5. The author has said elsewhere that while the book brings to light serious injustices, she believes there is also hope on almost every single page: in the imaginations, intelligence and courage of the people she writes about. What are the qualities of a child like Sunil that might flourish in a society that did a better job of recognizing his capacities?
6. When we think of corruption, the examples tend to be drawn from big business or top levels of government. The kind of corruption Behind the Beautiful Forevers show us is often described as “petty”. Do you agree with that characterization of the corruption Annawadians encounter in their daily lives? Why might such corrruption be on the increase as India grows wealthier as a nation?
7. Does Asha have a point when she argues that something isn’t wrong if the powerful people say that it’s right? How does constant exposure to corruption change a person’s internal understanding of right and wrong?

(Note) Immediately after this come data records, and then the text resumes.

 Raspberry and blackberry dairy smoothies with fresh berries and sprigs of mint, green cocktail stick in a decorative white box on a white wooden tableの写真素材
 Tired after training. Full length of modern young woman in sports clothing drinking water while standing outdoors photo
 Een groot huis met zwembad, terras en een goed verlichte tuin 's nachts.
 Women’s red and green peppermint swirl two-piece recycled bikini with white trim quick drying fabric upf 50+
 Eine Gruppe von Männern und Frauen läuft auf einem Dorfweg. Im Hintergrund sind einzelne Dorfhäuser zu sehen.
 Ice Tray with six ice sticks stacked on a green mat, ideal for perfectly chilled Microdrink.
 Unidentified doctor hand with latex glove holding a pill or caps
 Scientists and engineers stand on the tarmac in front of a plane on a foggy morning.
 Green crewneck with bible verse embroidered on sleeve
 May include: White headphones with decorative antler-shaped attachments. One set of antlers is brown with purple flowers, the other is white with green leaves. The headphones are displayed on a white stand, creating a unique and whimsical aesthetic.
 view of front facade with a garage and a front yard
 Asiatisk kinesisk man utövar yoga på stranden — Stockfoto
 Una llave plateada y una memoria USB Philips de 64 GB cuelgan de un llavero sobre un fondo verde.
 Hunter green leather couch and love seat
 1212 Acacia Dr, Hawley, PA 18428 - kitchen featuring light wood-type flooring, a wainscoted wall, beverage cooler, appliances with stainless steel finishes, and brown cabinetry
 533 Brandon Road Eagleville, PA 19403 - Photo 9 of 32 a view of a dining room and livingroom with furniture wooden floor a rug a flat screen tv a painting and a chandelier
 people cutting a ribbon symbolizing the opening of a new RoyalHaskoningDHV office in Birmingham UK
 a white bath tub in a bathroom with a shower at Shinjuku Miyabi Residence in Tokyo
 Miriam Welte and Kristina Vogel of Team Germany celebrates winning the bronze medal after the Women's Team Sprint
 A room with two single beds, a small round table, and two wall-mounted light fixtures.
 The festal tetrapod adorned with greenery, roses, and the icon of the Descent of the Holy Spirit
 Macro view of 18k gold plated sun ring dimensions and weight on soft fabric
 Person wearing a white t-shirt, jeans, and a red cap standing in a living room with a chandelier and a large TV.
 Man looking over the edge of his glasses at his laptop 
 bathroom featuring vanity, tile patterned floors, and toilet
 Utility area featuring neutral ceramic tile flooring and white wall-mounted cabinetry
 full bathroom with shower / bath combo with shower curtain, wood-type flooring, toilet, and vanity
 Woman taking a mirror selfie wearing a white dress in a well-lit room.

8. Shortly before Abdul is sent to juvenile jail, a major newspaper runs a story about the facility headlined: “Dongri Home is a Living Hell.” Abdul’s experience of Dongri is more complex, though. How does being wrenched away from his work responsibilities at Annawadi change his understandings of the hardships of other people? Are terms like liberty and freedom understood differently by people who live in different conditions?
9. Fatima’s neighbors view her whorling rages, like her bright lipsticks, as free comic entertainments. How has her personality been shaped by the fact that she has been defined since birth by her disability—very literally named by it? Zehrunusa waivers between sympathy for and disapproval of her difficult neighbor. In the end, did you?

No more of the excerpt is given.